There has been much discussion about the potential impact on the global economy of a Greek exit from the eurozone. Less debated is what effect a softening of Chinese demand, particularly for raw materials, could have on parts of the global economy.
A Chinese slowdown is likely to be less dramatic than a Greek exit. That is probably why no one has yet invented a silly term to match Grexit. (I’m offering “Chindown”, as in “keeping one’s chin down”.) Given the weight of China’s economy and its importance to some commodity exporters, perhaps rather more thought should be given to the topic. After all, unlike a Grexit, which no one wants, Beijing has actually announced its intention to engineer a Chindown. China’s five-year plan, which runs to 2015, talks specifically of weaning the economy off investment-led, commodity-hungry growth and easing the annual rate of growth down to 8 per cent from the double digits of recent years.

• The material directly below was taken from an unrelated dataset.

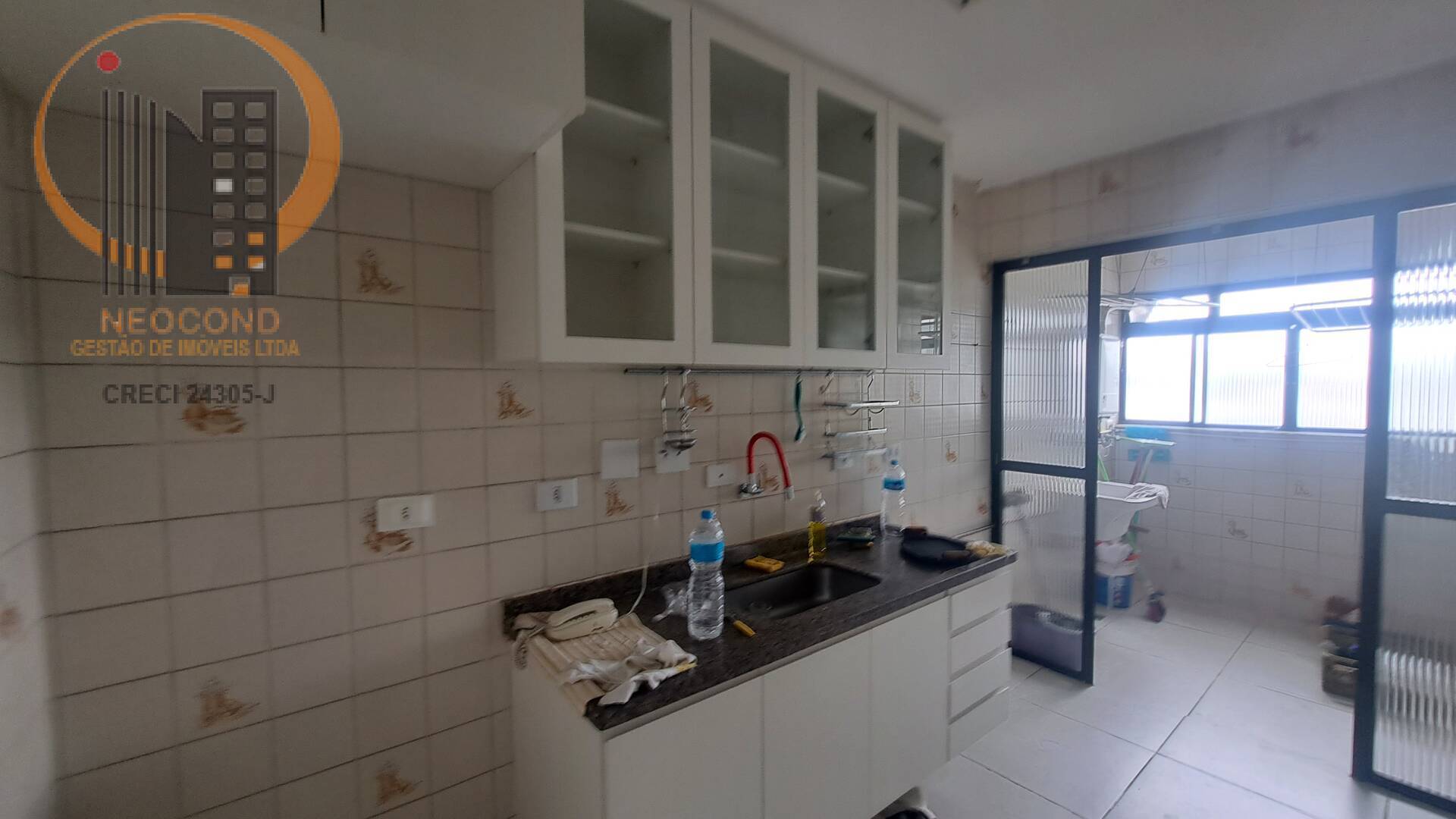 Apartamento à venda com 3 quartos, 90m² - Foto 21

For several economies the stakes are high. Over the past 20 years, many countries’ trade with China has ballooned. In 1992 China accounted for a measly 0.9 per cent of Brazil’s trade. By 2010 that had shot up to 14 per cent. Other commodity producers have seen a similar explosion. Pakistan’s trade with China rose from 2.9 per cent to 13.5 per cent and India’s from 0.4 to 10.5 per cent.